Diplomata envolvido no caso Molina é afastado

Por george.ferreira

O ex-embaixador do Brasil na Bolívia Marcel Fortuna Biato e o ex-encarregado de Negócios no país Eduardo Paes Saboia foram retirados dos postos por determinação do Ministério das Relações Exteriores. O “Diário Oficial da União”, em sua edição de hoje, publicou a portaria. A remoção dos diplomatas ocorre no momento em que há uma crise causada pela retirada do senador boliviano Roger Pinto Molina de La Paz.

O novo ministro das Relações Exteriores, Luiz Alberto Figueiredo Machado, disse ontem Biato vai trabalhar no Brasil, mas não informou em que função. Anteontem, a Presidência da República retirou a indicação dele para ser o novo embaixador do Brasil na Suécia.

Saboia está afastado das funções diplomáticas enquanto é alvo de investigações pela comissão de sindicância, formada por um auditor fiscal e dois embaixadores, que apuram sua atuação no caso de Pinto Molina.

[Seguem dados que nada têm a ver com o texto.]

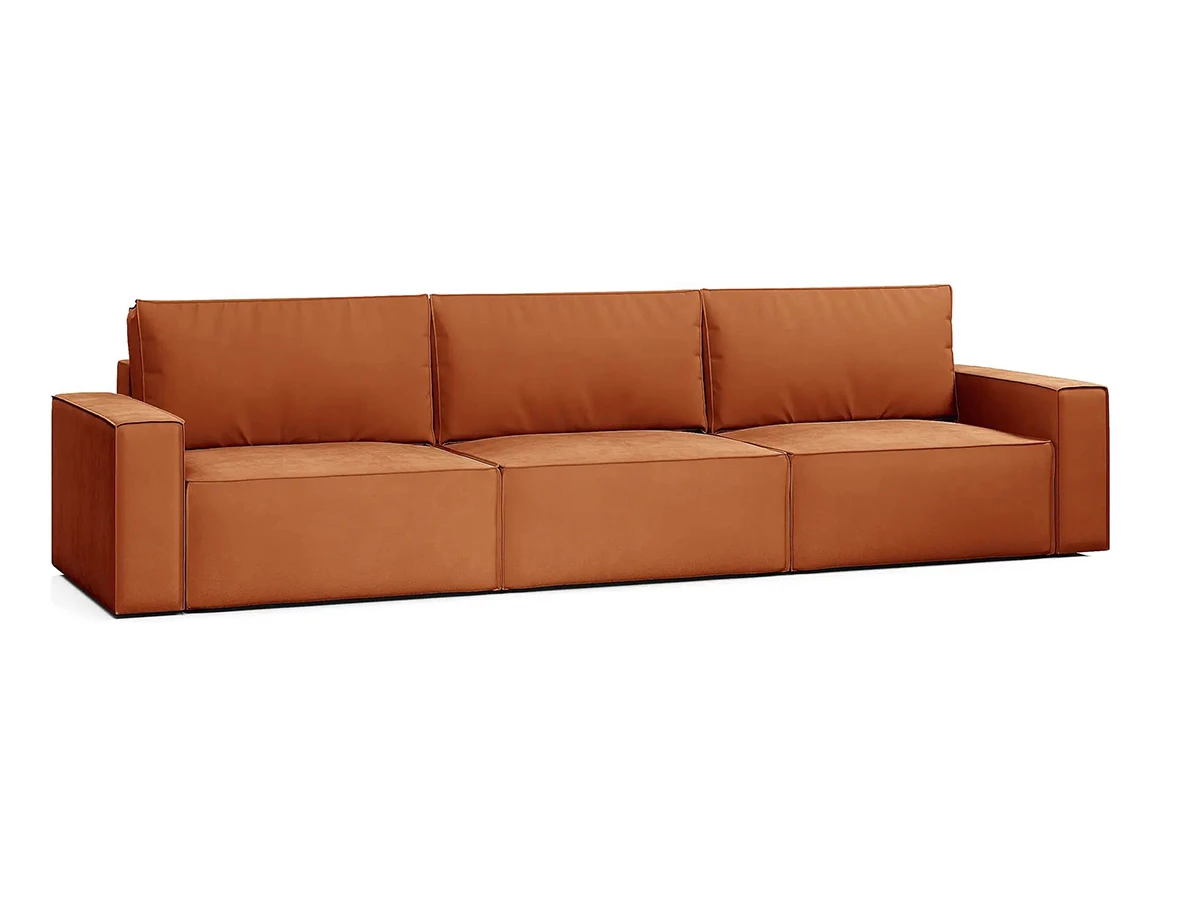 Диван прямой Корсо 957171  - фото 6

A crise causada pela retirada de Pinto Molina da Bolívia, provocada pela decisão de Saboia de coordenar a saída do boliviano da embaixada brasileira, onde ficou por quase 15 meses, gerou a substituição do ex-chanceler Antonio Patriota por Figueiredo. Para setores do governo, a iniciativa de Saboia indicou quebra de hierarquia e desrespeito às instâncias superiores do Itamaraty.

Porém, Saboia disse ter tomado a iniciativa porque o quadro se agravava com o fato de o senador boliviano estar deprimido e indicar que pretendia se suicidar. O diplomata disse que tomou a decisão por razões humanitárias.

Saboia pode ser alvo de uma série de punições que podem ir de uma simples advertência oral, passando por uma escrita, suspensão temporária e até exoneração da carreira. Com mais de 20 anos de carreira, o diplomata é elogiado por superiores e colegas, como um profissional sério, dedicado e disciplinado. Nos últimos meses, ele se queixava da tensão causada pela indefinição sobre Molina.

 
Senador boliviano pode ser julgado no Brasil

O senador boliviano, Roger Pinto Molina, pode ser julgado pela Justiça brasileira se os processos contra o parlamentar na Bolívia tratarem de crimes de corrupção. O jurista Rodrigo Janot disse que essa é uma avaliação “em tese”, já que o Brasil é signatário de tratados internacionais que preveem a punição de crimes de corrupção.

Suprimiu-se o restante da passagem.